__Problem requirements__
Without including any pictures, please copy every entry below exactly.

__Records for this task__
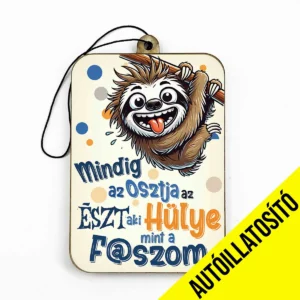 Vicces Autóillatosító – Mindig Az Osztja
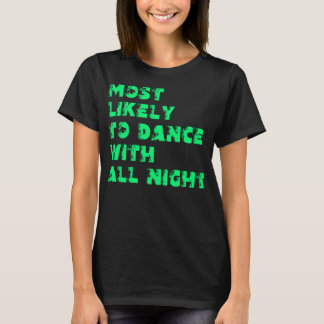 Camiseta Más Probable De Bailar Toda La Noche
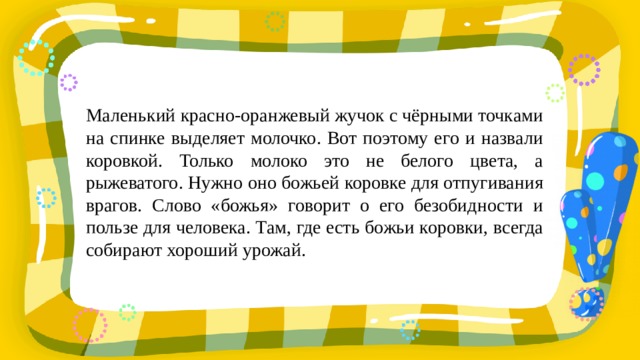 Маленький красно-оранжевый жучок с чёрными точками на спинке выделяет молочко. Вот поэтому его и назвали коровкой. Только молоко это не белого цвета, а рыжеватого. Нужно оно божьей коровке для отпугивания врагов. Слово «божья» говорит о его безобидности и пользе для человека. Там, где есть божьи коровки, всегда собирают хороший урожай. 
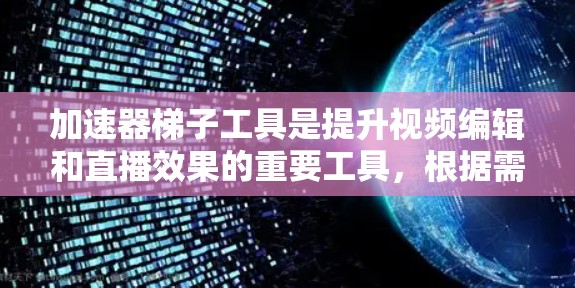 加速器梯子工具是提升视频编辑和直播效果的重要工具,根据需求和项目特点,推荐以下几种 加速器梯子工具是提升视频编辑和直播效果的重要工具,根据需求和项目特点,推荐以下几种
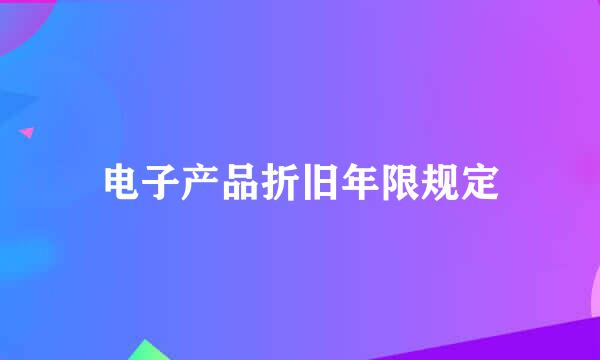 电子产品折旧年限规定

__Solution for this task__
 Vicces Autóillatosító – Mindig Az Osztja
 Camiseta Más Probable De Bailar Toda La Noche
 Маленький красно-оранжевый жучок с чёрными точками на спинке выделяет молочко. Вот поэтому его и назвали коровкой. Только молоко это не белого цвета, а рыжеватого. Нужно оно божьей коровке для отпугивания врагов. Слово «божья» говорит о его безобидности и пользе для человека. Там, где есть божьи коровки, всегда собирают хороший урожай. 
 加速器梯子工具是提升视频编辑和直播效果的重要工具,根据需求和项目特点,推荐以下几种 加速器梯子工具是提升视频编辑和直播效果的重要工具,根据需求和项目特点,推荐以下几种
 电子产品折旧年限规定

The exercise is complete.